Wednesday, 23 December 2009

So Many Stars (First Night Back in Perranporth)

So many stars.
Just been out in the garden for a cigarette. Icy air. A neighbour calls out for a dog. No cars. Silence, except for the hissing sea, which somehow only seems to increase the silence, and the stars. So many stars. Dizzying really. Get used to the street lamps drowning the stars in Brighton, know that you can't see all of them because of the city glare, but you never quite realise how many are lost till the city is taken away...
And the silence. Miles and miles of silence. Out over the garden, and across the field to the cliff top path; tin mining ghosts, echoes of old industry falling into stones and ruin, quarry workings, and that sea (The Atlantic?) so unlike the calm and tranquil Brighton coast. The silence holds dominion here, casts its pall over the town, and out beyond the town, over the sand dunes, the thousand labyrinthine paths, St Piran's Cross, the Oratory, a lost church, buried beneath the sands.
The silence has a weight, almost a burden.

Left Brighton when it was still dark this morning.
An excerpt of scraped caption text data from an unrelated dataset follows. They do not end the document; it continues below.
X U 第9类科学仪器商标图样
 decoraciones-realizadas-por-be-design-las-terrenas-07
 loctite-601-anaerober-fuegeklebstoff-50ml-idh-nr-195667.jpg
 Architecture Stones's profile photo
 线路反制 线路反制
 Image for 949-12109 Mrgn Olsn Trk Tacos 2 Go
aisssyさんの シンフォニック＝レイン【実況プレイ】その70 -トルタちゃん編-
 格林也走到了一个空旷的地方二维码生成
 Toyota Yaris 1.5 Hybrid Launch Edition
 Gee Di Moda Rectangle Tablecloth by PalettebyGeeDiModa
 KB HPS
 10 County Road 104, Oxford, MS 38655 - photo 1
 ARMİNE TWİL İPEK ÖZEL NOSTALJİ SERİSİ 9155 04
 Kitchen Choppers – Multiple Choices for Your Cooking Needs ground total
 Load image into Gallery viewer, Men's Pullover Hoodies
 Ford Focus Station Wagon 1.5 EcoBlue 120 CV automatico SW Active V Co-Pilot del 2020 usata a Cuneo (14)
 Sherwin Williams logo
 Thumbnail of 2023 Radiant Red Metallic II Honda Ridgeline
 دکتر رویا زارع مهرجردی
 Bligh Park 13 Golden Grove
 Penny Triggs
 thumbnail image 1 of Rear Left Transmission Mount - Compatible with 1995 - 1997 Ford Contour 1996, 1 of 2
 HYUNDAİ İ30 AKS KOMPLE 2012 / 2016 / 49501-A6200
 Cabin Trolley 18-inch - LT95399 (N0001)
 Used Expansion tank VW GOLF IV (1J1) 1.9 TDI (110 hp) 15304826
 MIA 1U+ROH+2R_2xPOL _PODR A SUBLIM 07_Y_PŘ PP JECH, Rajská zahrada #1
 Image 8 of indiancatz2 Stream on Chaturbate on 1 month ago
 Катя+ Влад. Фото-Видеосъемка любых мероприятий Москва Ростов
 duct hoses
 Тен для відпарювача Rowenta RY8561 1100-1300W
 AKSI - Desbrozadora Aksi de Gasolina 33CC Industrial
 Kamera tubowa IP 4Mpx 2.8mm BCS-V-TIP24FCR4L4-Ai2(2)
Greying skies fading backwards. Remnants of snow on the outskirts of town. Radio Two on in the car, detailing a litany of car crashes and pile ups, closed airports and warnings 'do not travel unless absolutely necessary'. Lanes closed by scattered cars. Police sirens, ambulances. Rain and sleet. Watching the temperature guage in the car drop down to zero. Tried to sleep in the car but kept being awoken by Christmas songs from Radio Two. Stopping at a transport cafe somewhere in the west country for a bacon sandwich, hidden from the motorway by sad trees. Looking out of a window in the cafe, seeing scraggy December bushes pushing up against the glass. Began thinking about December blackberries, if there is such a thing, distilled into deep winter wine. Drunk on short days and absolute nights... Reminded me of something but I couldn't quite think what.

Down in Perranporth for a week. Last chapter of this strange and difficult decade. 2666 by Robert Bolano and a volume of ghost stories to read. The attic full of lost things; half filled notebooks, abandoned photographs, books unread for years, comics from my childhood, all waiting traps for the complacent nostalgic.

I have a slight cold, lending my already travel-tired mind, a miasma of fever. Travelling in december is always deperate and beautiful, racing the night across the country, watching it grow dark in unfamiliar towns.

Keep thinking oif the sky outside though, that profound silence, the near, though remote-sounding sea, and the tilted bowl of the moon, spilling the night like a flood amongst an impossible conspiracy of stars.